== Segment start ==

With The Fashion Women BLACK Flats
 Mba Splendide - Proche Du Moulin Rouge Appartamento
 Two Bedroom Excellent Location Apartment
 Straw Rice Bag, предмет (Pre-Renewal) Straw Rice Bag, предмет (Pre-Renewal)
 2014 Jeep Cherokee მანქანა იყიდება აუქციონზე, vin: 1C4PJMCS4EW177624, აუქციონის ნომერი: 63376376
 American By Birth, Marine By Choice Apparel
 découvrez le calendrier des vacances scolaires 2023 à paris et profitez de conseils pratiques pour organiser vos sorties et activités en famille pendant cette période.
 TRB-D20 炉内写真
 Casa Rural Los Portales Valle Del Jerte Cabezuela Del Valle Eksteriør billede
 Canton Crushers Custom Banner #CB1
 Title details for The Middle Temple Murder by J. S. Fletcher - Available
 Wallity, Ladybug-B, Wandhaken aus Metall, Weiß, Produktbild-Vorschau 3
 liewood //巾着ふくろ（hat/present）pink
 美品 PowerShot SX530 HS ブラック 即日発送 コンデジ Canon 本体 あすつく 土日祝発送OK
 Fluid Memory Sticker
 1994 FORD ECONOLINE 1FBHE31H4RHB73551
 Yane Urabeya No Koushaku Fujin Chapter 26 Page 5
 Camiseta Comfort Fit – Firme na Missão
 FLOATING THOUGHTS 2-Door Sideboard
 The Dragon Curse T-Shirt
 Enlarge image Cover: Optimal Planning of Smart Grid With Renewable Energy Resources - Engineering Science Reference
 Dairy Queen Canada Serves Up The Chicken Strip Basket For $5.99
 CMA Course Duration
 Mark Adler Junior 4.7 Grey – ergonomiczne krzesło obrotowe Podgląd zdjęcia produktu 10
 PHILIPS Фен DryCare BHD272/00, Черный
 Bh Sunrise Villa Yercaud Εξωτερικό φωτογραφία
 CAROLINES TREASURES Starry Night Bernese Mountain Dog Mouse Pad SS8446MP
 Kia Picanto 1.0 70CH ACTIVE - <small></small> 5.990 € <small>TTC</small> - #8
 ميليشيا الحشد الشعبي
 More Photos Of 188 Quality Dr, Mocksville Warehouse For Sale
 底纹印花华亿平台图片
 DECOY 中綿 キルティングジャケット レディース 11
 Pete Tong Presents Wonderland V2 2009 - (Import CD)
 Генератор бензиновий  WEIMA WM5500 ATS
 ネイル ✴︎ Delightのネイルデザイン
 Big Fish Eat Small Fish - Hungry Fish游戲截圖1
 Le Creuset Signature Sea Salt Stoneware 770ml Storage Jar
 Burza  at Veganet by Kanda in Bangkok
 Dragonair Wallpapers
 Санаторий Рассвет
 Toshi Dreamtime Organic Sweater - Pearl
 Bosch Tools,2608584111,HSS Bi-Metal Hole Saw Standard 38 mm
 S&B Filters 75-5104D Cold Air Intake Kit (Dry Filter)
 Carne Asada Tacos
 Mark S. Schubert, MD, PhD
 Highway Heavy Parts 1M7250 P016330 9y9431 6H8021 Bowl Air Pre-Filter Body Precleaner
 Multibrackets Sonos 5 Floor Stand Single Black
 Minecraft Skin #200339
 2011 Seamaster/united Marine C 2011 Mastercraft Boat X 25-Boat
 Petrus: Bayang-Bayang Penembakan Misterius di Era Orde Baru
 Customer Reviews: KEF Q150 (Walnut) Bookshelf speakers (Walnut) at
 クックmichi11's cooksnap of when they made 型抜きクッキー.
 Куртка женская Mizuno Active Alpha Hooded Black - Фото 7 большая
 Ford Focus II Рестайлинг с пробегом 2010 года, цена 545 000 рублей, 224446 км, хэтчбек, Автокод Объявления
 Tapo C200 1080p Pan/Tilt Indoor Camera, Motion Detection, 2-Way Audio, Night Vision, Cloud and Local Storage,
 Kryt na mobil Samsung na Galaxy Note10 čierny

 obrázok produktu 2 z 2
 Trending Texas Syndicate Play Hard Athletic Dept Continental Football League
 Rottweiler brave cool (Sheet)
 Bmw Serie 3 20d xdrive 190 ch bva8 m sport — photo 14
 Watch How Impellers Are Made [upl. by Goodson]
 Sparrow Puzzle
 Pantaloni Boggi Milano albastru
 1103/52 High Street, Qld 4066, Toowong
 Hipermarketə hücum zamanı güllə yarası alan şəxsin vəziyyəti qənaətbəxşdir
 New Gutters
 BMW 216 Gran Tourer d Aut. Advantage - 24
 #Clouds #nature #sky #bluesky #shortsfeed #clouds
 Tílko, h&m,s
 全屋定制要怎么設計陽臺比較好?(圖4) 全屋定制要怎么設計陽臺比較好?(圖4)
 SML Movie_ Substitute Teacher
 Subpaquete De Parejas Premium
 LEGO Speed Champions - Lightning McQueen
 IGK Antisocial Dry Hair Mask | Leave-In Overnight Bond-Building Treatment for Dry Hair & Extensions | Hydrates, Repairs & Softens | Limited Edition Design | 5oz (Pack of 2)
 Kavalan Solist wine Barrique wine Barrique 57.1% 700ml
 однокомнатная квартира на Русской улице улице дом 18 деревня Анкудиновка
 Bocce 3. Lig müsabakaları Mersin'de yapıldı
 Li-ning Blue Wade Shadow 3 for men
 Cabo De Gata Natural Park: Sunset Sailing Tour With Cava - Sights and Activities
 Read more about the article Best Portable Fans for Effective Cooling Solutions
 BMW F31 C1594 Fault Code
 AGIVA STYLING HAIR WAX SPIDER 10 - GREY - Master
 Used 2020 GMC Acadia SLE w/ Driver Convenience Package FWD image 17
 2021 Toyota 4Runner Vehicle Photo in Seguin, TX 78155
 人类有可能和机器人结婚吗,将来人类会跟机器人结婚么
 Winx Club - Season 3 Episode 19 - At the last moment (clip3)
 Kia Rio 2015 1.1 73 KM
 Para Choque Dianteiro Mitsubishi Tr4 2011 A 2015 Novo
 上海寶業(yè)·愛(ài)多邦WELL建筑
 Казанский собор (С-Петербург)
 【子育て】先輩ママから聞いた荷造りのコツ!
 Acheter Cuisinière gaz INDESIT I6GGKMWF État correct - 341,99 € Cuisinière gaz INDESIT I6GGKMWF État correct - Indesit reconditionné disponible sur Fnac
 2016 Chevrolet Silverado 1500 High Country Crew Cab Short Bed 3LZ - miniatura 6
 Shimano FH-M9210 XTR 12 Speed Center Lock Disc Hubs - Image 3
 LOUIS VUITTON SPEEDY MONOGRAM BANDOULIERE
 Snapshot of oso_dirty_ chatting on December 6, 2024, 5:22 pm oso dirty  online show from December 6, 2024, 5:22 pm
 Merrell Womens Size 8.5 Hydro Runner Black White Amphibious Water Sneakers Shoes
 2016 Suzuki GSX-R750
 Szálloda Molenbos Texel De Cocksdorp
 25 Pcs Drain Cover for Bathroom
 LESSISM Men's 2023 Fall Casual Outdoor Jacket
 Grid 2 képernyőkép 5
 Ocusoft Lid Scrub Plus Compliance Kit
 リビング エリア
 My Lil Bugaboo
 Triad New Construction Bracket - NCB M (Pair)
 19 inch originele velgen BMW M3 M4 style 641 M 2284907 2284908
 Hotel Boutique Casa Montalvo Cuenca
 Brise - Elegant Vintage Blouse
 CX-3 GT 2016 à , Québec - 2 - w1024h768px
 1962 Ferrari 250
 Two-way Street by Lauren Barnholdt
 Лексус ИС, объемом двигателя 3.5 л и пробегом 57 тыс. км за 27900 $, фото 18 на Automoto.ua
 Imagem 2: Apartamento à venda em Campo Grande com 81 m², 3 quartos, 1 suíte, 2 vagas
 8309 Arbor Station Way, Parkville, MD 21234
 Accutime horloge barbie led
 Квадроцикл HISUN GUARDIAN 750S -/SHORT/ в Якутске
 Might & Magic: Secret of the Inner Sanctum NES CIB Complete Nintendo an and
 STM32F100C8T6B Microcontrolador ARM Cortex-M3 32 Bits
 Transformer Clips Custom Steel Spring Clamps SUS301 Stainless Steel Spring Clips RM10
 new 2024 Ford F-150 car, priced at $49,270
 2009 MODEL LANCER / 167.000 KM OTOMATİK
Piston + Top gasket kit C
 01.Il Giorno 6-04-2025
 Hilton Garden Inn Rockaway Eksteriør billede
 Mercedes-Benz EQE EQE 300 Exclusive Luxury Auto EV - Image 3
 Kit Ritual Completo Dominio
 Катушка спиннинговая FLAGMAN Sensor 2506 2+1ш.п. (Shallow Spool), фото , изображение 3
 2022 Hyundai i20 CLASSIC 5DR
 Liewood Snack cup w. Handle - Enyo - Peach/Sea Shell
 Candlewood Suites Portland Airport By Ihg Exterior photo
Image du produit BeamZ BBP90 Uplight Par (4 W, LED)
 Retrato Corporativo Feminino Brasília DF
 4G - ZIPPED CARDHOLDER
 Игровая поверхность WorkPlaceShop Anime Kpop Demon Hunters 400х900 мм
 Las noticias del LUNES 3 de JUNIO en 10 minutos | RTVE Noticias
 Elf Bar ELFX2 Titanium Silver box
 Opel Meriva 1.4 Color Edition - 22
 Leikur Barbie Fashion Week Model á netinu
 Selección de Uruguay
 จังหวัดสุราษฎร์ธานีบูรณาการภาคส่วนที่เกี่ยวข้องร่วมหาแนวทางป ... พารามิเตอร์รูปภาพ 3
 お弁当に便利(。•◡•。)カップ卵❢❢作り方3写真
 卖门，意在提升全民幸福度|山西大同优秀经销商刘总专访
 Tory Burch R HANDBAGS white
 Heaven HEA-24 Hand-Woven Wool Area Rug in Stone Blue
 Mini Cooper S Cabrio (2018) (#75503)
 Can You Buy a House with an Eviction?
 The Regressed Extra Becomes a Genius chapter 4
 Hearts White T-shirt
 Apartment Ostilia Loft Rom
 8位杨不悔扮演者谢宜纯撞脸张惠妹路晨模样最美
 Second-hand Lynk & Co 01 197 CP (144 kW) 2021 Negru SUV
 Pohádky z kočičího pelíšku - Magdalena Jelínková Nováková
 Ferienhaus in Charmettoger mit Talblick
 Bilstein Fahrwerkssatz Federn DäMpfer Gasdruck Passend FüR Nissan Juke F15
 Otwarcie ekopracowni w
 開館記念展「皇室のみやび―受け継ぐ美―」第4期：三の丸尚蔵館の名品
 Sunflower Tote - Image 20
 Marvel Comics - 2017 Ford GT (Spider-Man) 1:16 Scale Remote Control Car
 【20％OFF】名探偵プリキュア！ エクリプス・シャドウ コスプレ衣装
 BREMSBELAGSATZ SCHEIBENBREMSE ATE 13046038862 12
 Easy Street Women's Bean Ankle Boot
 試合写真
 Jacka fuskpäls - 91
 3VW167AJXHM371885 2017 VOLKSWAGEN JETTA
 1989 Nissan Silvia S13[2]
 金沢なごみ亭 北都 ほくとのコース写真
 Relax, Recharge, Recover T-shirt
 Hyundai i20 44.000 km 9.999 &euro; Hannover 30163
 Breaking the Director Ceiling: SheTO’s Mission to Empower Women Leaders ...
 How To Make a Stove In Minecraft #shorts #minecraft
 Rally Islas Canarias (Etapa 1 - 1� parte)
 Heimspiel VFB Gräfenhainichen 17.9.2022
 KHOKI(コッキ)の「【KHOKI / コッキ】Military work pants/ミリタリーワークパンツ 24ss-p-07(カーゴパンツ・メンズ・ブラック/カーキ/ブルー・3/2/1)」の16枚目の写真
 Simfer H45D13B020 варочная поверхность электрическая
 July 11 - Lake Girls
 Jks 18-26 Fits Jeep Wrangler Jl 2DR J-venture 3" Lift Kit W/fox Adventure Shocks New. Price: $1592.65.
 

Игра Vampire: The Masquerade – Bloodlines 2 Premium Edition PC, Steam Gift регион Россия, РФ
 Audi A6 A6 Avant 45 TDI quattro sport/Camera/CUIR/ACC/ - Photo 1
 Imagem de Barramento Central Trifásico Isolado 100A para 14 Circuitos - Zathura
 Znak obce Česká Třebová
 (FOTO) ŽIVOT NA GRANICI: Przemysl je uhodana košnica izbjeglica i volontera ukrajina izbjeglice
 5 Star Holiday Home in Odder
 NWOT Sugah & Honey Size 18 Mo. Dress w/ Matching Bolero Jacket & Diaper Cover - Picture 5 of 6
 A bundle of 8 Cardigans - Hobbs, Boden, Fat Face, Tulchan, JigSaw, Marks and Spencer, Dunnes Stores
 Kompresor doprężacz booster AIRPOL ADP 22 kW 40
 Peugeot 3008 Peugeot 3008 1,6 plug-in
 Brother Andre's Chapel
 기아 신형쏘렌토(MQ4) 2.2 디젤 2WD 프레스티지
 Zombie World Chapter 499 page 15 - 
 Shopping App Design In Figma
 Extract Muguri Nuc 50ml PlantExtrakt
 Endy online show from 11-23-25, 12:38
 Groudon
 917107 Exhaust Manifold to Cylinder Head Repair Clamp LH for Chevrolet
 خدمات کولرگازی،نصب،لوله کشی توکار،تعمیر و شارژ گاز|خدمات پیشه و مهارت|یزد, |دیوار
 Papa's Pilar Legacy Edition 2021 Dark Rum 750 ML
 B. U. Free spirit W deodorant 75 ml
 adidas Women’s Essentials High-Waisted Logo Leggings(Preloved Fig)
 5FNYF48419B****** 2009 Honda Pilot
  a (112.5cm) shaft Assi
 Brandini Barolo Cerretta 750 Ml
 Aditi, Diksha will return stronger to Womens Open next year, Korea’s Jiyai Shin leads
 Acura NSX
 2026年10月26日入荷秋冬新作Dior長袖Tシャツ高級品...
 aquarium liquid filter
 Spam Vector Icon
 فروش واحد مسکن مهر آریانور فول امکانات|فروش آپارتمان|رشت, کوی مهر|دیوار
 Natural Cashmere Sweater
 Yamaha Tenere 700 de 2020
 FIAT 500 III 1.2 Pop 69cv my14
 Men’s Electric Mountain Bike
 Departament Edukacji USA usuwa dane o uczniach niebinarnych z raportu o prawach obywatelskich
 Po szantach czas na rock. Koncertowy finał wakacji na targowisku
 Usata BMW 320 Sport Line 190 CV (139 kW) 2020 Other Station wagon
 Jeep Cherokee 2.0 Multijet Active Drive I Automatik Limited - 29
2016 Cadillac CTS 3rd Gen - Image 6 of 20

== Segment end ==

Word for word, restate the listing above from its first line to the line with "liewood //巾着ふくろ（hat/present）pink", keeping both.

With The Fashion Women BLACK Flats
 Mba Splendide - Proche Du Moulin Rouge Appartamento
 Two Bedroom Excellent Location Apartment
 Straw Rice Bag, предмет (Pre-Renewal) Straw Rice Bag, предмет (Pre-Renewal)
 2014 Jeep Cherokee მანქანა იყიდება აუქციონზე, vin: 1C4PJMCS4EW177624, აუქციონის ნომერი: 63376376
 American By Birth, Marine By Choice Apparel
 découvrez le calendrier des vacances scolaires 2023 à paris et profitez de conseils pratiques pour organiser vos sorties et activités en famille pendant cette période.
 TRB-D20 炉内写真
 Casa Rural Los Portales Valle Del Jerte Cabezuela Del Valle Eksteriør billede
 Canton Crushers Custom Banner #CB1
 Title details for The Middle Temple Murder by J. S. Fletcher - Available
 Wallity, Ladybug-B, Wandhaken aus Metall, Weiß, Produktbild-Vorschau 3
 liewood //巾着ふくろ（hat/present）pink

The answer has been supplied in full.